Government Ignoring Ramping Inquiry Recommendations

Home » Media Releases » Government Ignoring Ramping Inquiry Recommendations
Cecily Rosol MP
January 28, 2026
It’s more than a year since the parliamentary inquiry into ambulance ramping handed down its final report, and the issue continues to affect our health system. But still the Rockliff Government has not provided a response to the inquiry’s findings and recommendations.

Through evidence from a wide range of experts, stakeholders, health staff, and patients, the ramping inquiry examined the causes and the effects of ambulance ramping. Its final report, tabled in November 2024, delivered 110 findings – and crucially 41 recommendations.

When this report was released, the then-Health Minister noted it with only a single sentence in passing. The Minister promised the report would be considered, and said some recommendations were already being actioned. But we’ve heard nothing since.

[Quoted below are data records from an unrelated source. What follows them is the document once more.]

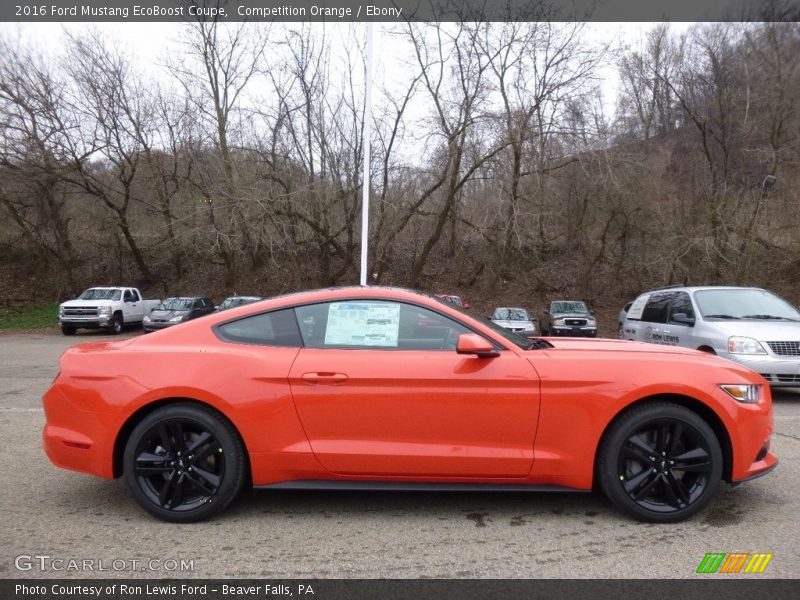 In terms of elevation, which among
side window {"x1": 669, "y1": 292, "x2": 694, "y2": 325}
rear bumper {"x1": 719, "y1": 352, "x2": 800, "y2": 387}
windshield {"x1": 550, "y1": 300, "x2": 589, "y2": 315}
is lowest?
windshield {"x1": 550, "y1": 300, "x2": 589, "y2": 315}

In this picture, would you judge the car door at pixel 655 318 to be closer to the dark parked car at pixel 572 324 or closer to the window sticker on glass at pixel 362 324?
the window sticker on glass at pixel 362 324

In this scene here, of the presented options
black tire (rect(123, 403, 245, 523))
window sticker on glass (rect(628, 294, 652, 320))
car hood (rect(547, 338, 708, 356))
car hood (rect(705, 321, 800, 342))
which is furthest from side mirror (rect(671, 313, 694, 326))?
black tire (rect(123, 403, 245, 523))

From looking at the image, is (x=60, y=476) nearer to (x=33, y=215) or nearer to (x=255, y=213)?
(x=255, y=213)

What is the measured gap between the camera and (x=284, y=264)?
1196 inches

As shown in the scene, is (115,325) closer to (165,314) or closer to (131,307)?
(131,307)

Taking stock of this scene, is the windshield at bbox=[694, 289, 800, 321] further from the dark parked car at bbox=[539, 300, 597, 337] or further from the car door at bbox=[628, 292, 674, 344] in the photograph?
Result: the dark parked car at bbox=[539, 300, 597, 337]

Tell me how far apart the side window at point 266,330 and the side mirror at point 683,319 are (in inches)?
268

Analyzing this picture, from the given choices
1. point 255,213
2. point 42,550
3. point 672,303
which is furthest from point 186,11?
point 42,550

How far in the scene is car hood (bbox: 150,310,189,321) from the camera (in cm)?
2134

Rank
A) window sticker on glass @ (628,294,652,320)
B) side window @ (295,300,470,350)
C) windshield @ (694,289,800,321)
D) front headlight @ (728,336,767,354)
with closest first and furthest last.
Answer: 1. side window @ (295,300,470,350)
2. front headlight @ (728,336,767,354)
3. windshield @ (694,289,800,321)
4. window sticker on glass @ (628,294,652,320)

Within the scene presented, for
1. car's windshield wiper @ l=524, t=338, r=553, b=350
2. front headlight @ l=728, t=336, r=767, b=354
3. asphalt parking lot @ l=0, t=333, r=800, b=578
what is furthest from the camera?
front headlight @ l=728, t=336, r=767, b=354

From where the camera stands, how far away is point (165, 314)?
70.5 ft

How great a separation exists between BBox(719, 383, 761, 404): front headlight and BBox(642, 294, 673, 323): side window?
5882 millimetres

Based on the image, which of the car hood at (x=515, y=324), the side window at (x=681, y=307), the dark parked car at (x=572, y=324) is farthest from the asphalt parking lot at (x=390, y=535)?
the dark parked car at (x=572, y=324) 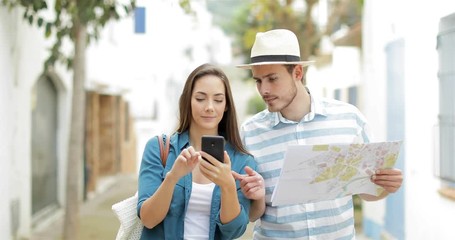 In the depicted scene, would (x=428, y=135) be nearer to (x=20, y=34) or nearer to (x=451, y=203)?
(x=451, y=203)

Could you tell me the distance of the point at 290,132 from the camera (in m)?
3.21

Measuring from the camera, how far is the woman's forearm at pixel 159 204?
2.68 metres

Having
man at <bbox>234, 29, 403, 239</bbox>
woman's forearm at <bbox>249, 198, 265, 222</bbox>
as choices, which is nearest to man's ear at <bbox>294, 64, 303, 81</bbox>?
man at <bbox>234, 29, 403, 239</bbox>

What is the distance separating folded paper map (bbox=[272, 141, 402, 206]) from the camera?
2838 millimetres

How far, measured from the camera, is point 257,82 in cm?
320

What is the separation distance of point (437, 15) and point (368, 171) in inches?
132

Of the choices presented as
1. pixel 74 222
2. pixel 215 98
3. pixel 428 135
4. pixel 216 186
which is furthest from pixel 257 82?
pixel 74 222

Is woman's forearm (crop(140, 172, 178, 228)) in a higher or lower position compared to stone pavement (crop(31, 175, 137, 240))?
higher

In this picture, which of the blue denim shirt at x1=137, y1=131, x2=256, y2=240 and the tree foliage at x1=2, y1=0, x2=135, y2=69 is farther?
the tree foliage at x1=2, y1=0, x2=135, y2=69

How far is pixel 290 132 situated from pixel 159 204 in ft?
2.63

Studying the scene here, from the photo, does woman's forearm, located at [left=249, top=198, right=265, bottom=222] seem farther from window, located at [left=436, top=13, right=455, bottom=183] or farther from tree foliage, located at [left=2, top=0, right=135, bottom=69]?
tree foliage, located at [left=2, top=0, right=135, bottom=69]

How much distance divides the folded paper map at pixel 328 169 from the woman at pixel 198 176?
0.20 m

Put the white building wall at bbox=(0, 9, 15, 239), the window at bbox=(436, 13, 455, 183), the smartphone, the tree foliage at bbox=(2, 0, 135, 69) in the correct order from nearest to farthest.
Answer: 1. the smartphone
2. the window at bbox=(436, 13, 455, 183)
3. the tree foliage at bbox=(2, 0, 135, 69)
4. the white building wall at bbox=(0, 9, 15, 239)

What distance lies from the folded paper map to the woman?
0.66 feet
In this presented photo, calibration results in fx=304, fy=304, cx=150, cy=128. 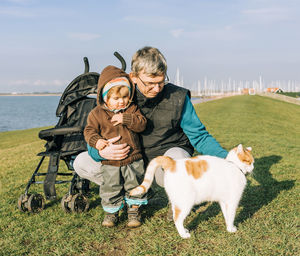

We have no doubt some recommendations from the ramping inquiry would have been addressed. After all, the inquiry did identify a range of common-sense steps that were wildly and inexplicably overdue. But worryingly, critical major actions don’t seem to have gone anywhere.

Recommendations that seem to have been ignored include increased hospital staffing; bringing forward plans to expand hospital capacity; growing crucial community care programs; actions to improve patient flow; and better data sharing and transparency. All these measures – and many others – are things the State Government could and should be doing.

The Liberals should have spent the past year getting on with implementing all the recommendations from the ramping inquiry, but it seems they are ignoring many of them. At the very least, the Minister for Health should be honest with Tasmanians about exactly which recommendations the government has decided to refuse.

Unfortunately, it seems the Rockliff Government is more interested in playing the blame game with their federal counterparts than they are in delivering evidence-based solutions to the health crisis.